Anderson’s early motivations were to work in the culinary world; she worked in a variety of Michigan restaurants until she decided that her interests lay elsewhere. She went back to school for nutrition, and she eventually used this knowledge and her experience in cooking to kick-start her business.

Classes at Sprouting Chefs are usually three hours long and are centered on a specific theme. This theme can be ethnic, focused on one particular ingredient or can involve the preparation of a three-course meal. Cooking dominates the first two and a half hours of the class, whereas eating the meal together occurs in the remaining time.

“The social component of cooking is so important,” Anderson said. “That’s why I emphasize at the end we spend the last time eating together.”

Regarding the challenges of starting a new business, Anderson says she’s been lucky there haven’t been many problems. She notes the Ann Arbor community has been helpful, not only with its strong culture supporting locally grown food, but in the resources provided by The Michigan Small Business Development Center in the greater Washtenaw region.

“I keep on saying it was the right time and place, the kids are hungry to learn and they’re watching all of these cooking shows,” she said. “Kids are telling their parents ‘this is what I’m looking for and this is what I want.’”

LSA sophomore Noah Featherman said classes like the ones in Sprouting Chefs would be helpful in teaching him how to cook and prepare ingredients, something he has little experience with.

“Right now my cooking skills are minimal; I can make mac and cheese but sometimes the pot will boil over and my sister has to help me,” he said. “I’m living here in the summer, so I’m living on my own and need to know how to cook.”

Business senior Christina Chang said she grew up in a family where her parents cooked every meal for her and her siblings while they were growing up, and understands the value of the program.
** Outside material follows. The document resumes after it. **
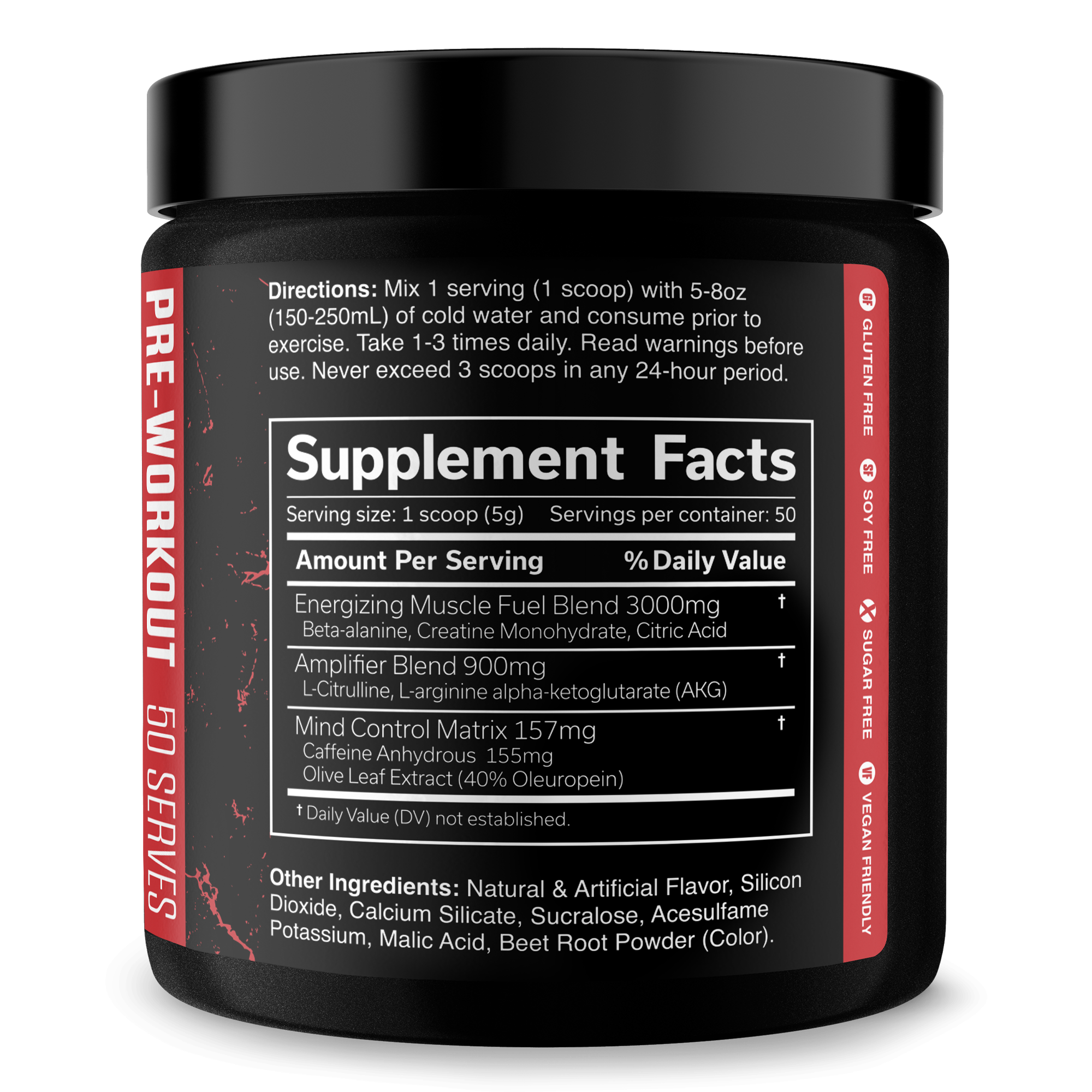 The Curse pre-workout energy supplement container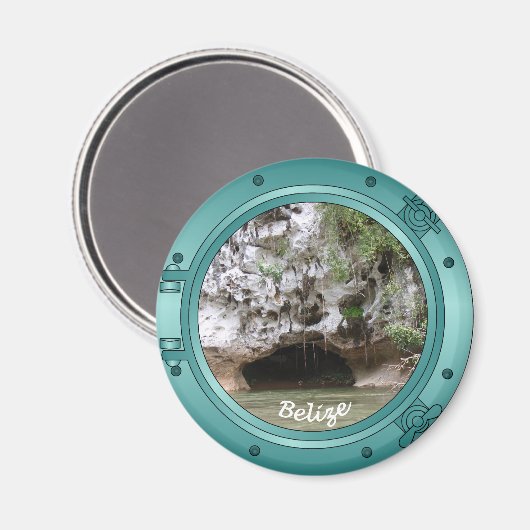 Belize Grotten Magneet (Voorkant / Achterkant)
“I started learning how to cook at a fairly young age, probably late elementary school, because I wanted to know how to make some of my favorite dishes,” Chang wrote in an email interview. “My favorite part about cooking is having a delicious final product at the end that you know you made.”

Anderson runs Sprouting Chefs as a part-time business, and said she’ll need more help to expand it in the future if demand is high. 

“Now being surrounded by so much processed food, it’s not the same as cooking your own,” she said. “To me, it’s such a fundamental step in a healthy lifestyle.”